Friday, February 07, 2014

John Steiner's crazy accent in Mannaja: movie geek detail

I always enjoy seeing British actor John Steiner (left, above, beside - wait, who is that?) pop up in a movie.
I first knew him from his role in a play within a play within a film, Marat/ Sade - aka The Persecution and Assassination of Jean Paul Marat As Performed by the Inmates of the Asylum of Charenton Under the Direction of the Marquis de Sade; it's an acid-soaked, disorienting, gleefully evil challenge to the viability of any form of revolution, as laid out by de Sade (played by Patrick Magee, whom cult film followers will recognize from A Clockwork Orange). Plus it's a musical! Directed by Sir Peter Brook, based on the work of Peter Weiss and the English-language stage adaptation that Brook had directed with the Royal Shakespeare Academy, the film features Steiner as a sex maniac charged with the role of Duperret, the suitor of Charlotte Corday (as played by a narcoleptic inmate being played by Glenda Jackson). Corday being the woman who ultimately stabs Marat to death in his bath. It's a dark, challenging film - but also a giddy, crazily energetic one that will make an impression on any serious cinephile. 
It was only some years after having first seen Marat/ Sade - one of those films you can watch dozens of times over your life and never get tired of - that I realized, when checking out the extras on the Caligula "Imperial Edition" DVD - that I had seen Steiner years previously, when, as a teenager, I watched Caligula with friends, mostly for its porn value. The extras for that disc are actually amply entertaining, and I kind of regret having sold it; the second disc features an alternate, porn-free cut of Caligula that actually! works! as! a! movie! ...and it also has an interview with John Steiner, who, it turns out, is now a real estate agent in California. (If you're looking to buy a house in the Hollywood hills, his official website is here). He had worked with Caligula director Tinto Brass on other films, and, it develops in the featurette, had a long career in Italian exploitation cinema, which I only began to mine a few years ago...
At least one of Steiner's spaghetti westerns is now wayyyy up there on my list of must-see Italian films: Tepepa is a "tortilla western" - set in Mexico during the revolution - that co-stars Steiner, Thomas Milian, and, yes folks, ORSON WELLES (in brownface, playing a corrupt Mexican comandante!). The production has also sorts of colourful anecdotes behind it, like Welles supposedly calling Milian a "dirty Cuban" and stealing film to use on his shoot of his own film, Chimes At Midnight. What makes it truly interesting for Steiner fans, tho', is that, like Marat/ Sade, the film, as co-written by Battle of Algiers screenwriter Franco Solinas, is very much also a questioning of the viability of revolution, a probing of the pros and cons, with Milian as a heroic, Che-like figurehead on the one hand and a murderous rapist on the other.

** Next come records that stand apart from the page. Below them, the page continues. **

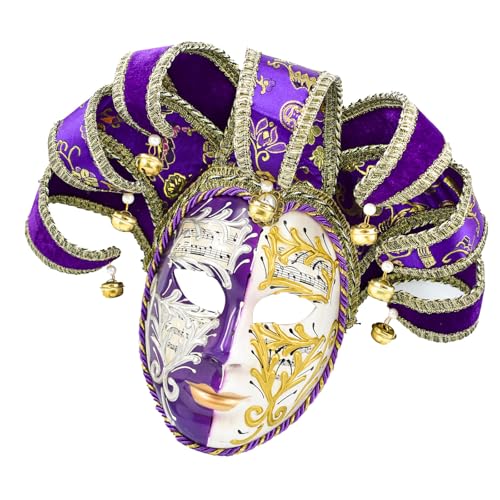 HIOPOIUYT Masquerade Jesters Venezianer Comedy Mardi Gras Party Maske Halloween Cosplay Maske Wanddekorationen Geschenke von HIOPOIUYT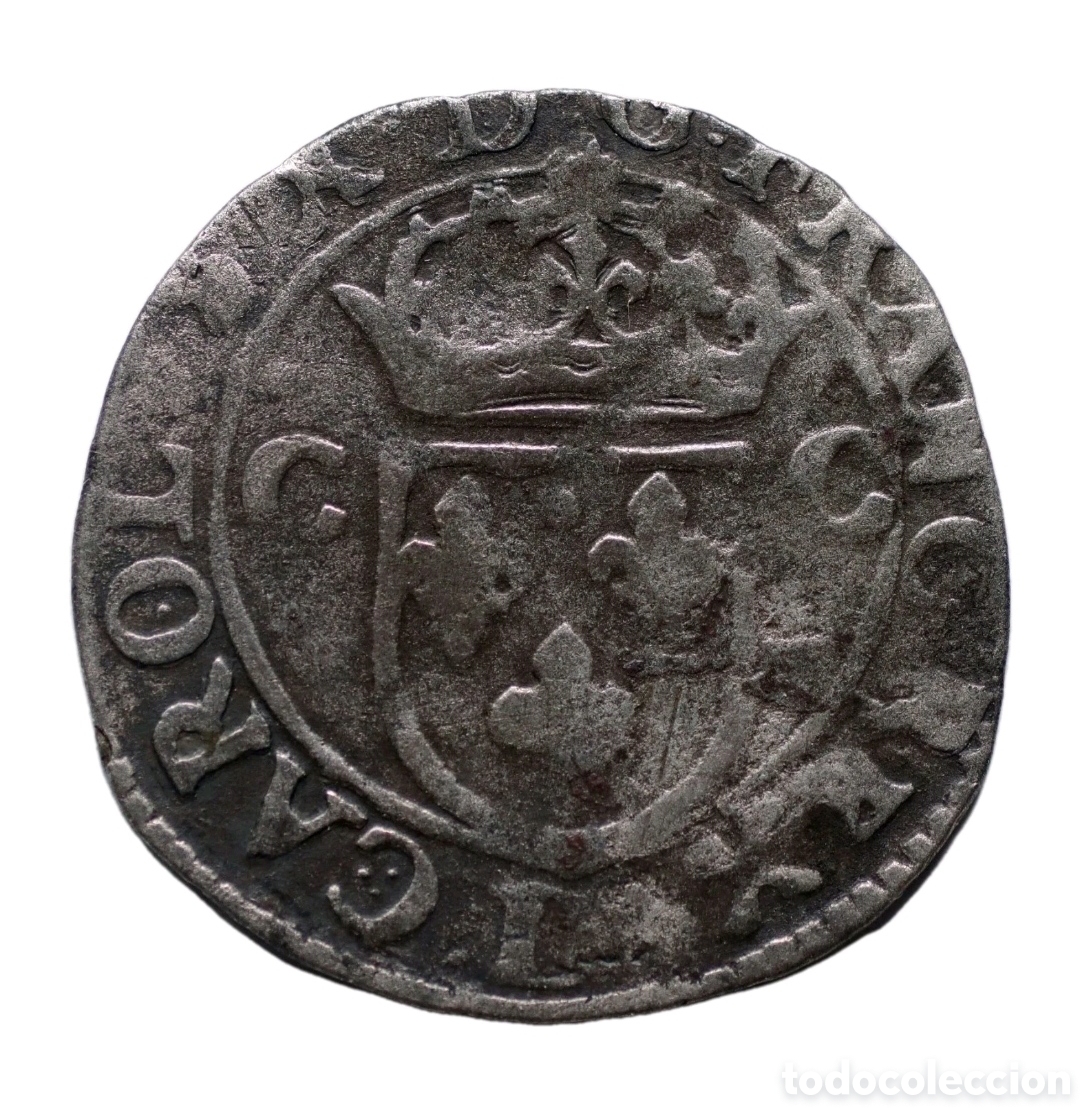 Monedas medievales: DOUZAIN 1593 CARLOS X . LYON FRANCIA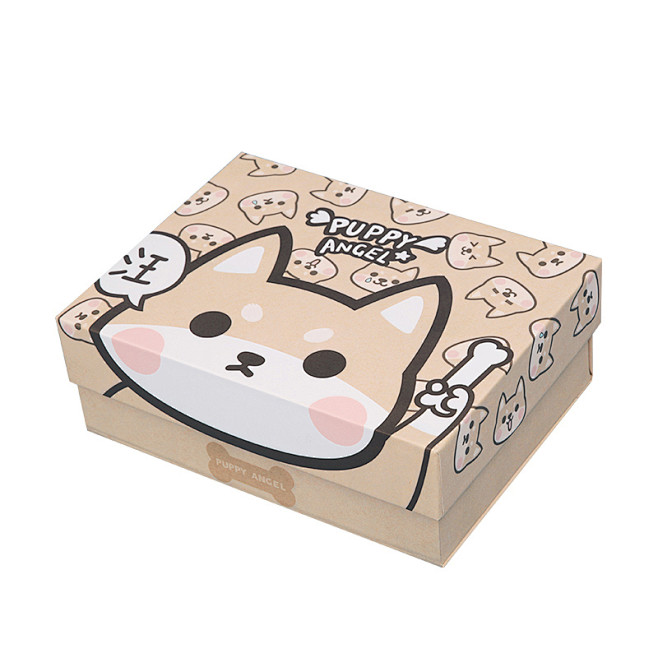 新品创意精美卡通小狗柴犬宠物礼盒包装盒礼物盒礼品盒送小孩纸盒淘宝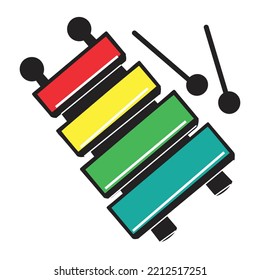 Illustrated Vector Of Xylophone Isolated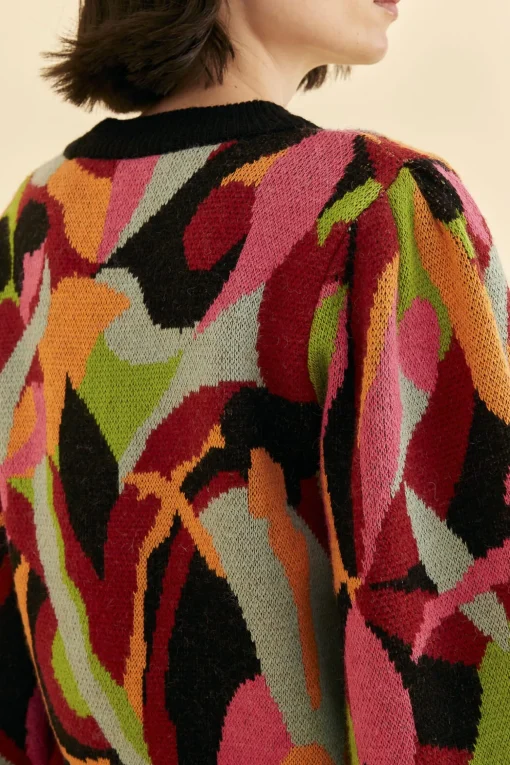  THE MULTICOLOR DANCE KNIT SWEATER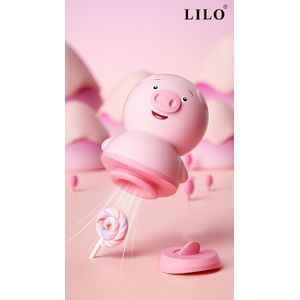 Estimulador Clitoriano Porquinho Pig - 2 em 1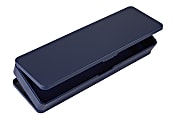 Office Depot® 2-Compartment Pencil Box, 2-7/8" x 8-1/2", Navy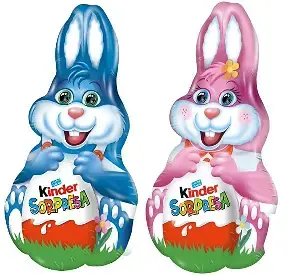 C288- PASQUA KINDER FIGURE CONIGLIO 75G X 12 PZ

The theme of whether bandits and criminals were actually revolutionaries of a sort was also explored by Solinas in his more prestigious collaboration with Francesco Rosi, Salvatore Giuliano, and to a lesser extent in his other spaghetti's, like Corbucci's uneven The Mercenary. If I were programming a double bill of classics of political cinema, I would probably slam Marat/ Sade and Tepepa together for the light they throw on each other, and for the sheer oddness of the pairing (though thematically they play on each other brilliantly, and like I say, they have a cast member in common!).
There are tons of Steiner Italian exploitation films I have not yet seen - he has a very long filmography, including classics like Tenebre - but the one I most wanted to ask him about was Mannaja: A Man Called Blade, one of the very last classic-period spaghettis. I fruitlessly Googled around for an hour or two after catching the film the other day, trying to answer a burning question: what the hell is up with Steiner's weird accent in that film? In his natural voice, the man speaks with the accent of an educated, mild-mannered Brit; but his character in Mannaja - an entertaining, stylish, violent, and surreal spaghetti job that suffers only from having not a single idea in it - toggles bizarrely between speaking a German-inflected, crisply Nazi-like English and a grotesquely slimy southern US drawl. What the hell is up with that? When Google proved unable to help - lots of people comment on his weirdo accent in the film, but no one explains it - I actually emailed Steiner to find out. Was he instructed to act with this bizarre dual accent, or was this a dub done in post-production, using someone else's voice?
The latter, apparently. Mr. Steiner informs me of the following:  "So often when a new sale occurs the distribution wants a redub. I did not remember that I had a German accent in this one. If there is one now then it was added as an afterthought."

Tell the world, folks! They've dubbed John Steiner! 
(Many thanks to John Steiner for scratching my geek itch on this one...).